Dr Jerry Mysiw, chair of the department of physical medicine and rehabilitation at Ohio State, says it’s the first time in his 30 years in this field that researchers have been able to offer “realistic hope to people who have very challenging lives”.
“We’re hoping that this technology will evolve into a wireless system connecting brain signals and thoughts to the outside world to improve the function and quality of life for those with disabilities,” Rezai adds. “One of our major goals is to make this readily available to be used by patients at home.”
Burkhart says it was an easy decision to participate in the clinical trial, approved by the US Food and Drug Administration, because he wanted to try to help others with spinal cord injuries.
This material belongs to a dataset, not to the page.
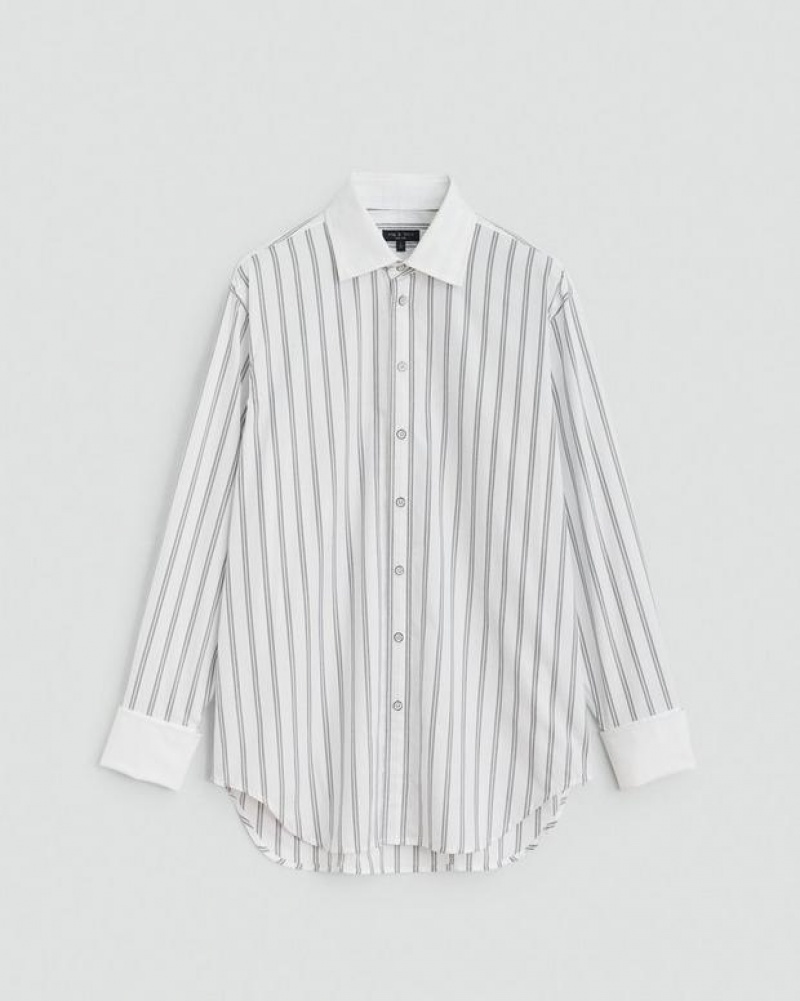 Rag & Bone Diana Baumwoll Poplin Relaxed Fit Button Down Oberteile Damen Weiß | 721059-LBK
“I just kind of think that it’s my obligation to society,” Burkhart says. “If someone else had an opportunity to do it in some other part of the world, I would hope that they would commit their time so that everyone can benefit from it in the future.”
He is the first of a potential five participants in a clinical study. Mysiw and Rezai have identified a second patient who is scheduled to start the study in the summer.
“Participating in this research has changed me in the sense that I have a lot more hope for the future now,” says Burkhart. “I always did have a certain level of hope, but now I know, first-hand, that there are going to be improvements in science and technology that will make my life better.”